In actuality, President Barack Obama has the right to go after the Islamic State thanks in large part to the sweeping legislation put together by Congress in 2001.
— USA TODAY (@USATODAY) February 11, 2015
It was the 2001 and 2002 Authorizations for the Use of Military Force that allowed for the controversial (and costly) invasion of Iraq.
But the retroactively proposed AUMF is an apparent attempt by Obama to undo the reactive and outdated measures that occurred under the Bush Administration.
The new AUMF would limit the president’s military powers, a decision actively questioned by Republican Sen. John McCain of Arizona.

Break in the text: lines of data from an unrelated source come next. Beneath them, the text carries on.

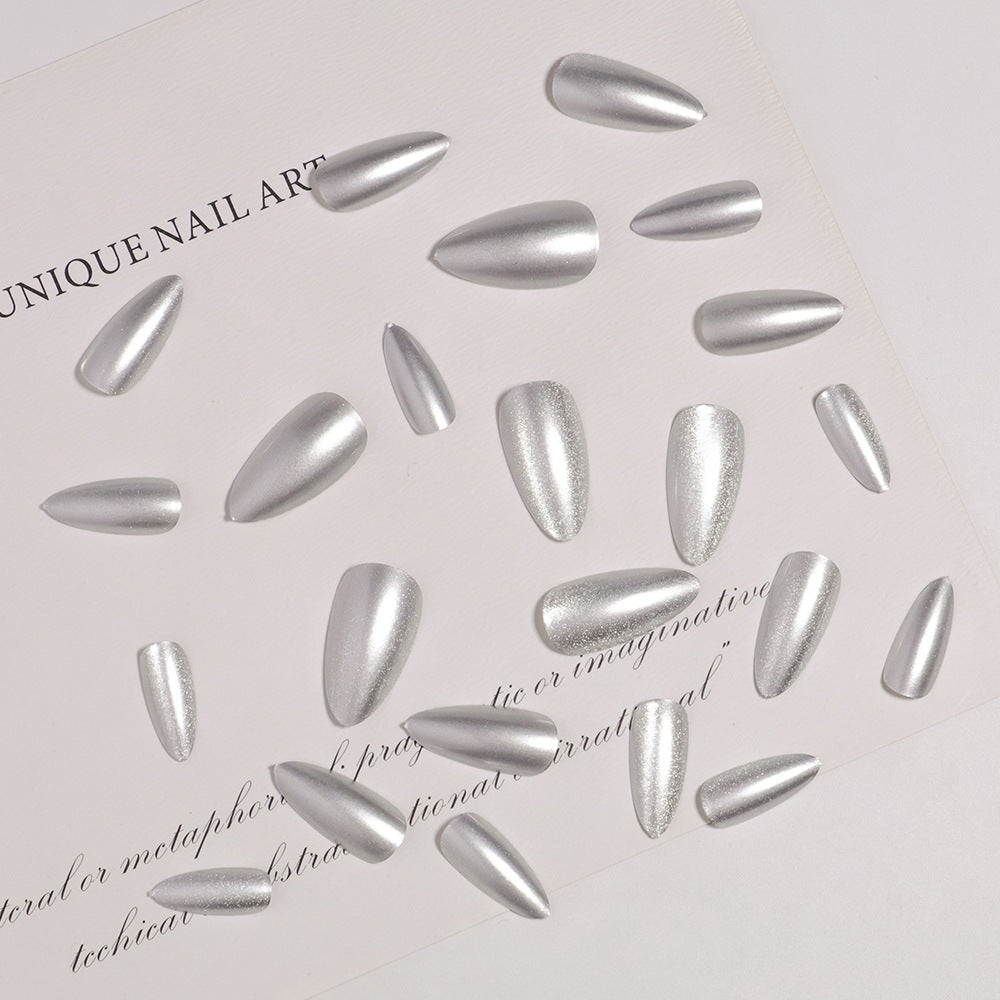 Glitzernde Stiletto Press-On Nägel Brehn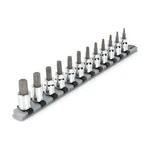 Tekton Shb91103 12 Piece 3/8 Inch Drive Torx Bit Socket Set. Fixed Price $50.99.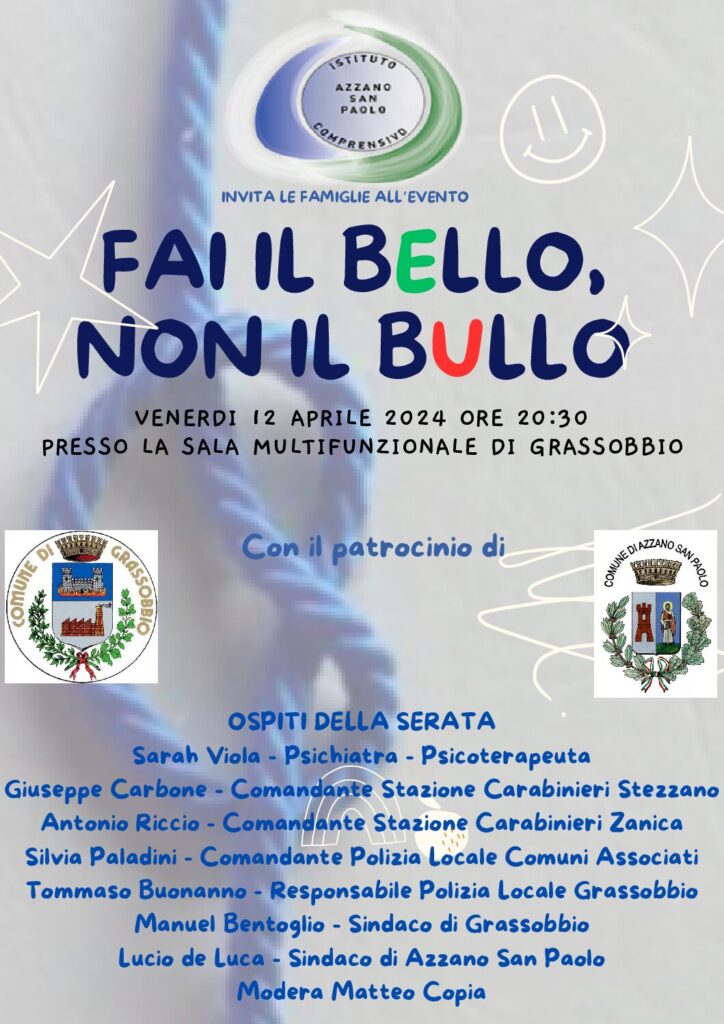 FAI IL BELLO NON IL BULLO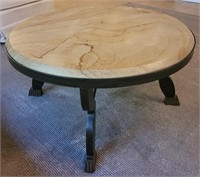 P - ROUND METAL & MARBLE COFFEE TABLE (L3)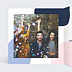 Carte anniversaire adulte Graphique Moderne Intérieur Gauche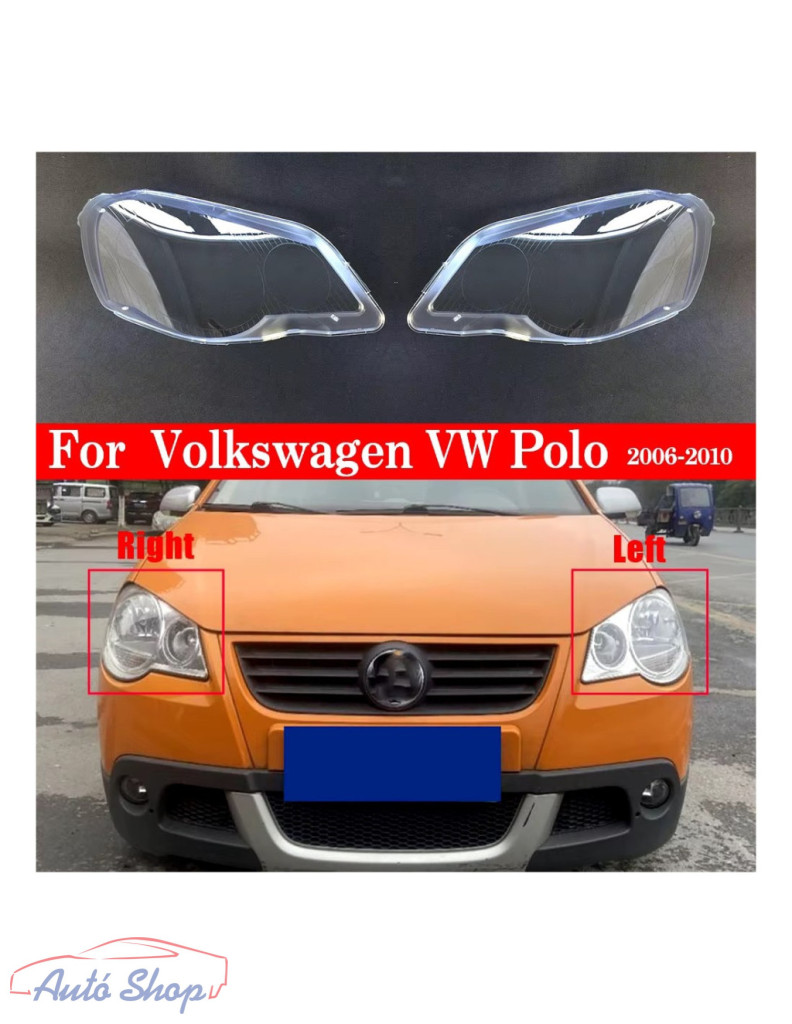 VW Polo fényszóró búra pár 2005-2009 - Image 2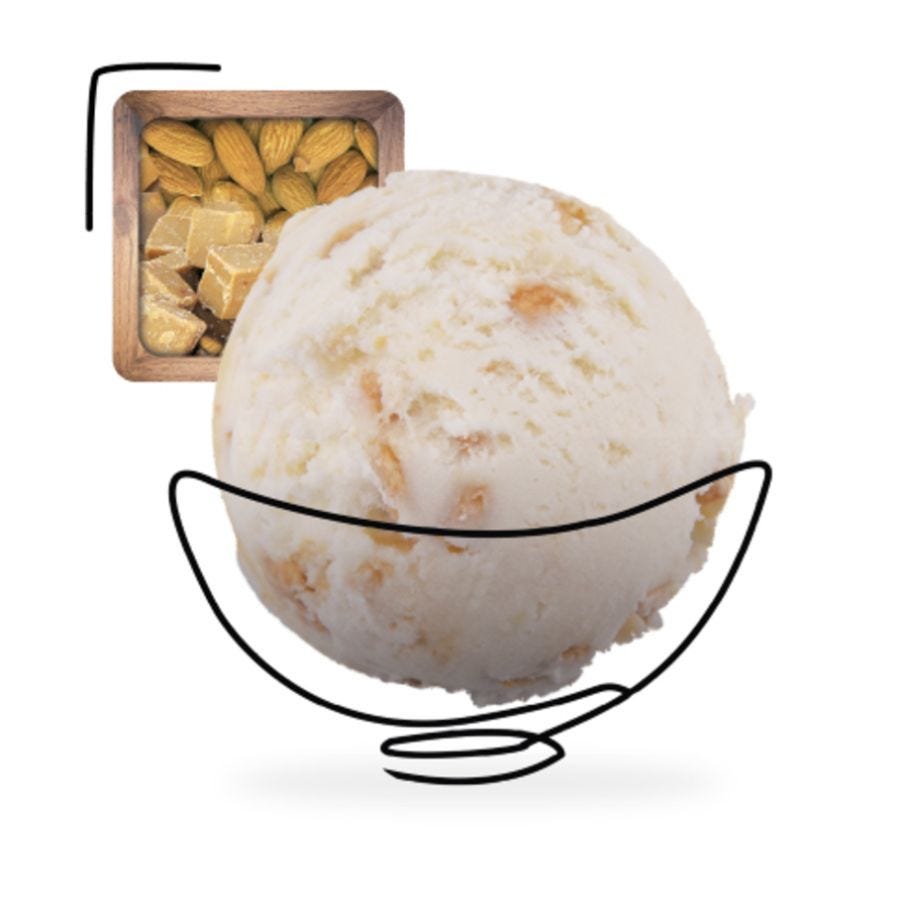 Glace amandine artisanale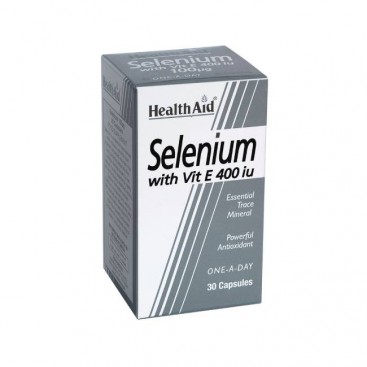 Health Aid Selenium 100mg & Vitamin E 30caps | Συμπλήρωμα Διατροφής με Σελήνιο & Βιταμίνη E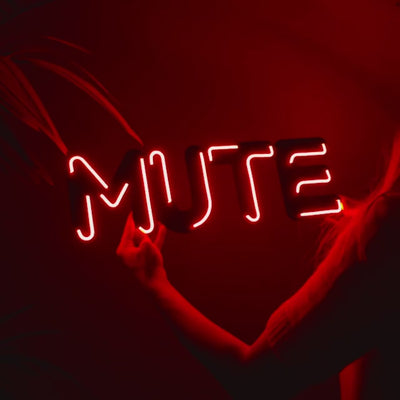 Mute Neon Wall Art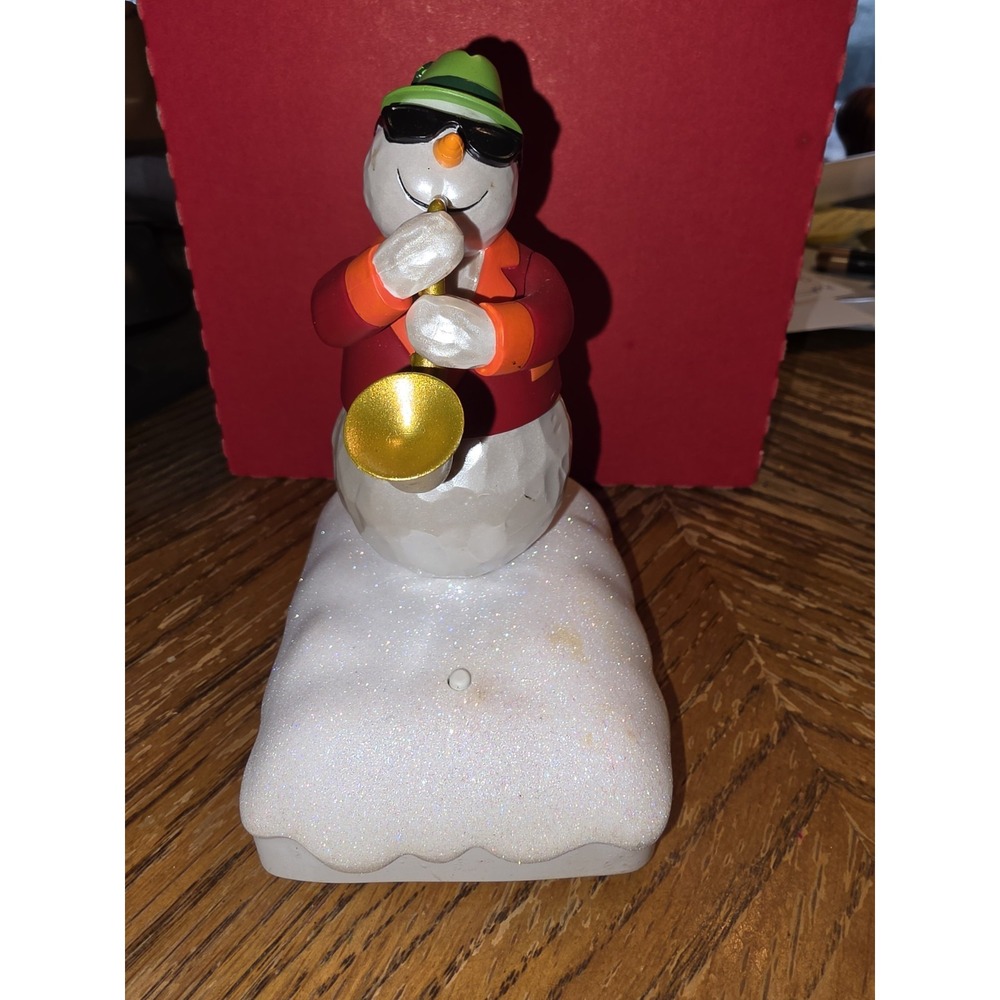 2010 Hallmark Keepsake Saxophone Joe Snowman Band Wireless Sax WORKS Read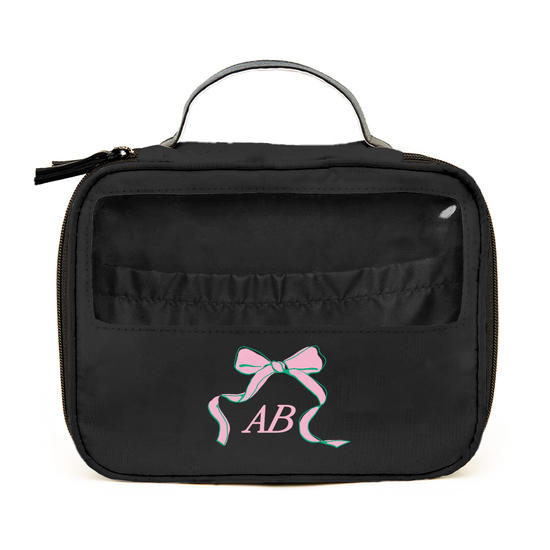Necessaire Makeup Double - Nina Miano - Laço Girly Rosa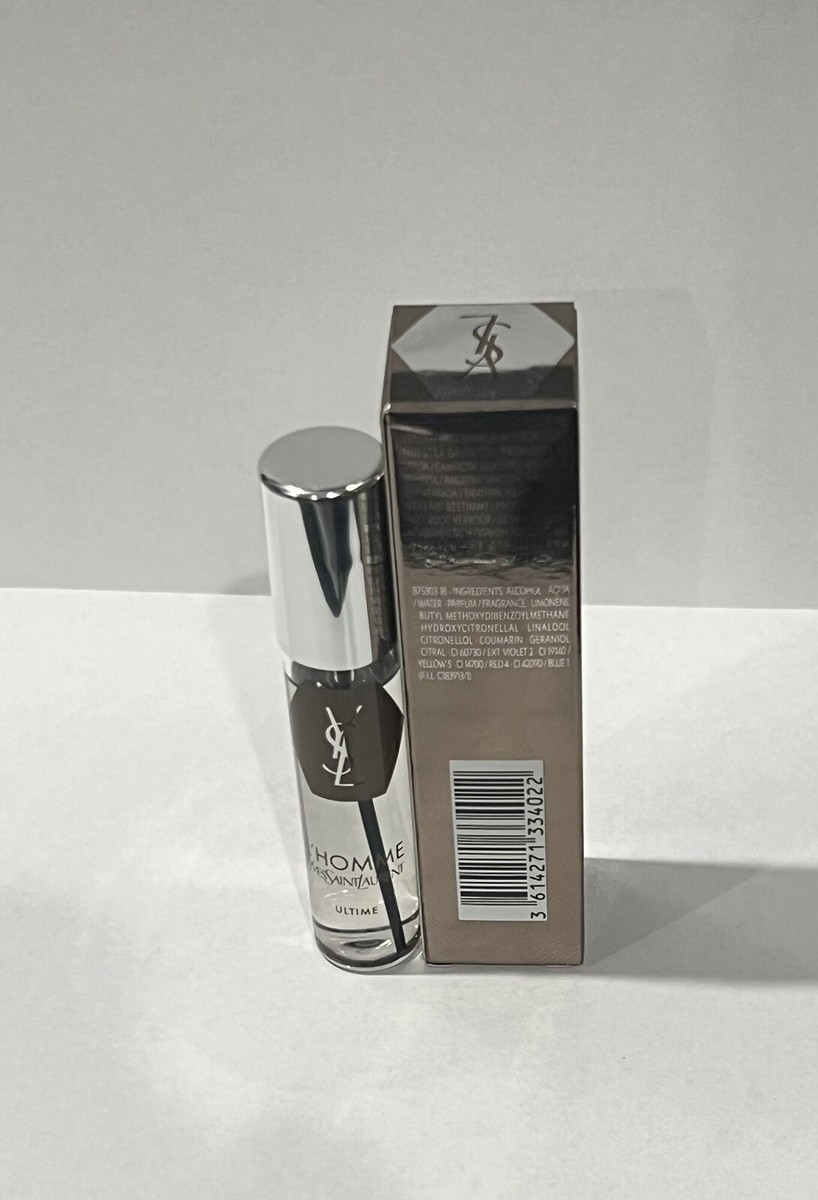 Ysl L'Homme ULTIME 10ml EDP Spray Mini For Men New In Box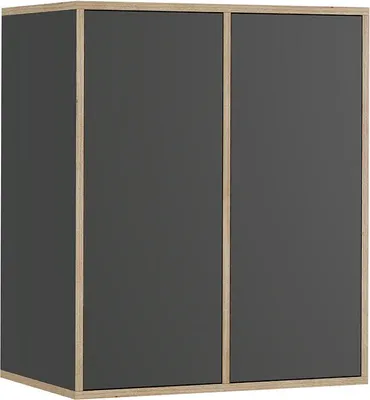 Immagine prodotto di Libreria da parete Vicco Tetrix Antracite 63 x 75 cm con 2 porte, Model 56541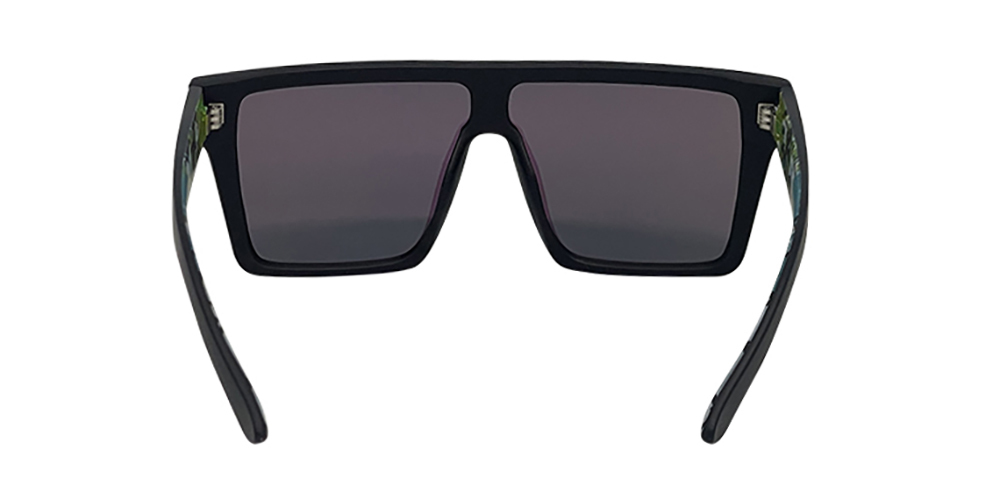 Mangrove Jacks What You Need C11 Matte Black / Green Revo Polarised Lenses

McCain thinks it’s “bizarre” that the president would allow Congress to limit his role as Commander-In-Chief.
Obama, who will be speaking about the move to formally request a declaration of war later today, has apparently taken this step in an effort to ensure any further military response against ISIS will have the full bipartisan support of Congress.
The new measures will also narrow the manner in which the US Military acts. Instead of much of the attack being concentrated on the ground, it’s believed that Obama will approve the use of mainly airstrikes against the Islamic State. Ground support would be somewhat limited.
Obama has formally asked Congress to authorize war against the Islamic State http://t.co/RYutmJMEmo pic.twitter.com/s4P7ac5RZq
— Bloomberg Business (@business) February 11, 2015
The move strongly reflects the sentiment of a number of Americans polled about how best to attack the Islamic State.
A January/February AP-GfK poll found that the majority (58 percent) of those polled strongly supported air strikes against ISIS by the United States. Only 31 percent approved of the use of ground forces by the Obama administration.
Barack Obama is hoping for both parties to support his new measures. However, in an unusual turn of events, the president may find most of his support for this formal declaration comes from the Republicans.
The Democrats, recalling the negative effect of the Iraq war on the US economy and world standing, are hesitant to follow Obama into what they worry could be another military mistake.
Senate Minority Leader Dick Durbin of Illinois is but one of a number Democratic leaders questioning the language of Obama’s proposal.
“What does it mean? How long, how big, is ‘enduring’? ‘Offensive,’ what’s ‘offensive’?’ That, to me, is the crux of our debate.”
“We have some legitimate questions as to whether we open this up with a loophole that could lead to another major war.”
Should Obama have asked Congress to declare war on ISIS? Do you think a serious military investment in fighting the Islamic State and its allies will prove a costly error?